The problem
Leave out the pictures and output the data verbatim.

Stored data
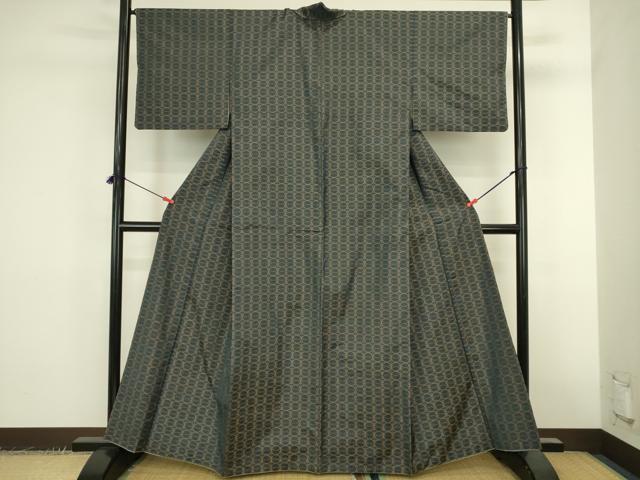 平和屋着物●本場大島紬 7マルキ 丸繋ぎ 正絹 逸品 DABK2427op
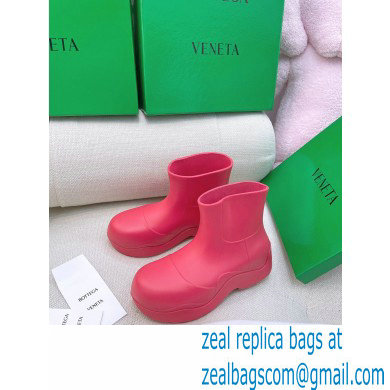 Bottega Veneta Flatform 5 cm puddle rubber ankle boots Fuchsia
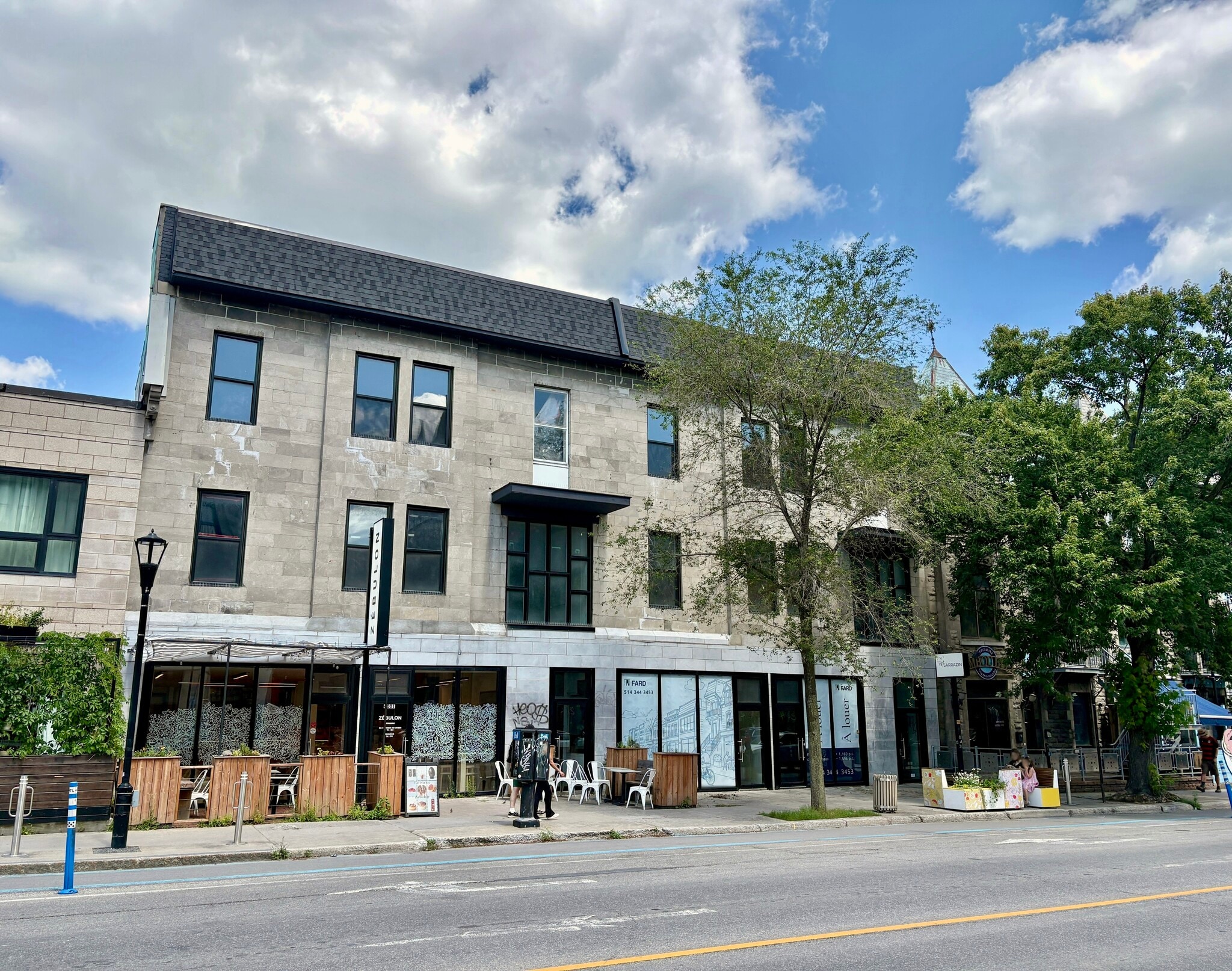 3999-4001 Rue Saint-Denis, Montréal, QC for lease Building Photo- Image 1 of 5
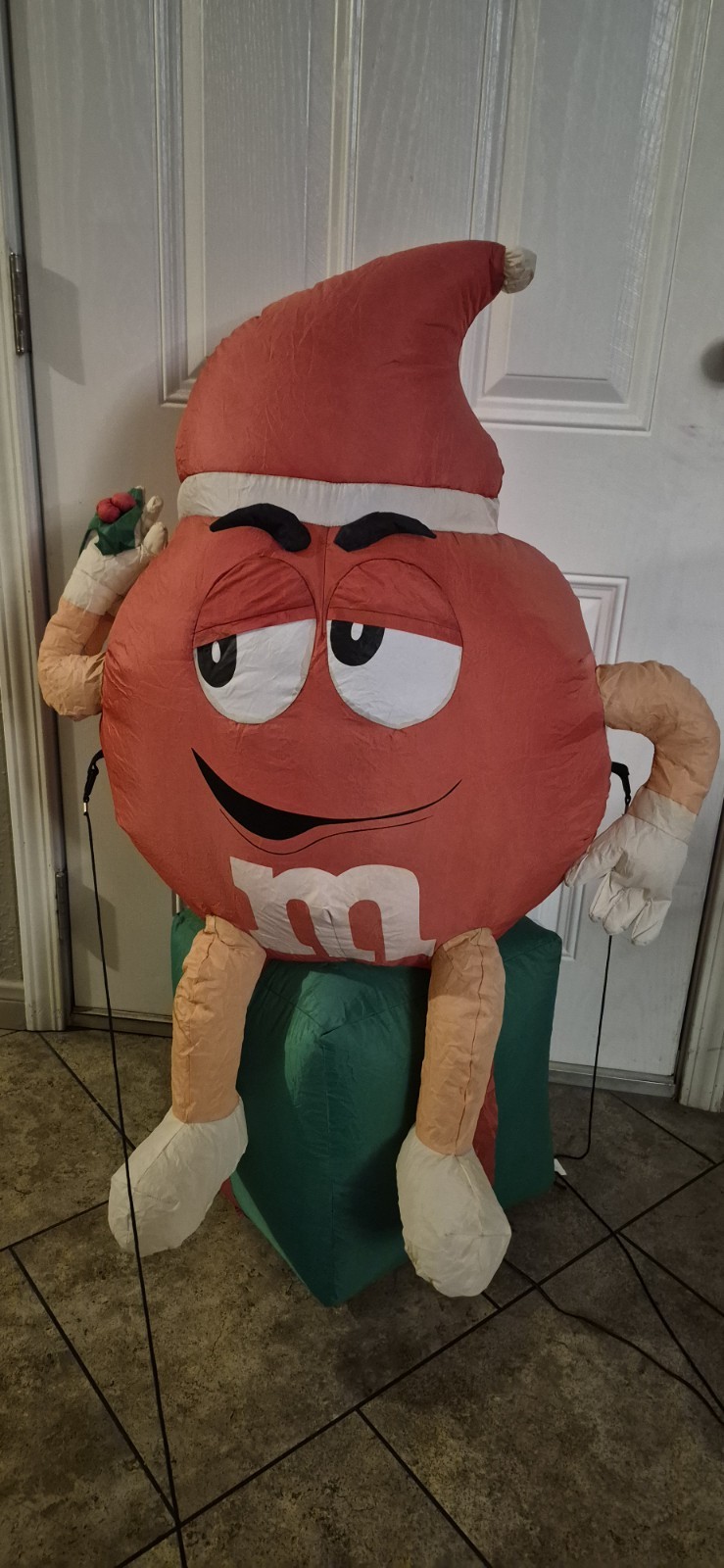 2013 Gemmy Red M&M Candy 3.5ft Airblown Inflatable Christmas Holiday Santa Hat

Exercise output
 平和屋着物●本場大島紬 7マルキ 丸繋ぎ 正絹 逸品 DABK2427op
 Bottega Veneta Flatform 5 cm puddle rubber ankle boots Fuchsia
 3999-4001 Rue Saint-Denis, Montréal, QC for lease Building Photo- Image 1 of 5
 2013 Gemmy Red M&M Candy 3.5ft Airblown Inflatable Christmas Holiday Santa Hat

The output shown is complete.